# بِسْمِ اللَّهِ الرَّحْمَنِ الرَّحِيم

# Titanic Survival Data

## Data Description

(from https://www.kaggle.com/c/titanic) survival: Survival (0 = No; 1 = Yes) pclass: Passenger Class (1 = 1st; 2 = 2nd; 3 = 3rd) name: Name

sex: Sex

age: Age

sibsp: Number of Siblings/Spouses Aboard

parch: Number of Parents/Children Aboard

ticket: Ticket Number

fare: Passenger Fare

cabin: Cabin

embarked: Port of Embarkation (C = Cherbourg; Q = Queenstown; S = Southampton)

**Special Notes:**

Pclass is a proxy for socio-economic status (SES) 1st ~ Upper; 2nd ~ Middle; 3rd ~ Lower

Age is in Years; Fractional if Age less than One (1) If the Age is Estimated, it is in the form xx.5

With respect to the family relation variables (i.e. sibsp and parch) some relations were ignored. The following are the definitions used for sibsp and parch.
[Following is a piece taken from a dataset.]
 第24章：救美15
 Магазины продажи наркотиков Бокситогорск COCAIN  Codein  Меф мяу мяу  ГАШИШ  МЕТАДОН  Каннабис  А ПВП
Sibling: Brother, Sister, Stepbrother, or Stepsister of Passenger Aboard Titanic

Spouse: Husband or Wife of Passenger Aboard Titanic (Mistresses and Fiances Ignored)
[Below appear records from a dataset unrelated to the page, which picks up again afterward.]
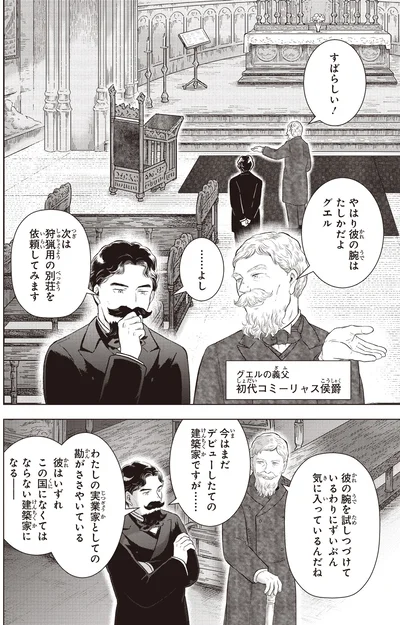 『角川まんが学習シリーズ まんが人物伝 アントニ・ガウディ 世界遺産を生んだ建築家』より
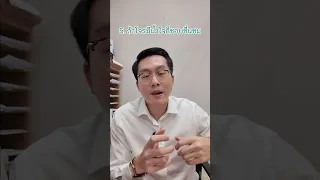  ภาวะ สต็อกโฮล์ม ซินโดรม คืออะไร และเกิดจากสาเหตุใด 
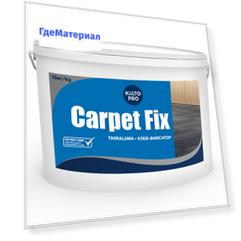 Клей для текстильных и ПВХ покрытий Kiilto Carpet Fiх10 кг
Parent: Mother or Father of Passenger Aboard Titanic

Child: Son, Daughter, Stepson, or Stepdaughter of Passenger Aboard Titanic

Other family relatives excluded from this study include cousins, nephews/nieces, aunts/uncles, and in-

laws. Some children travelled only with a nanny, therefore parch=0 for them.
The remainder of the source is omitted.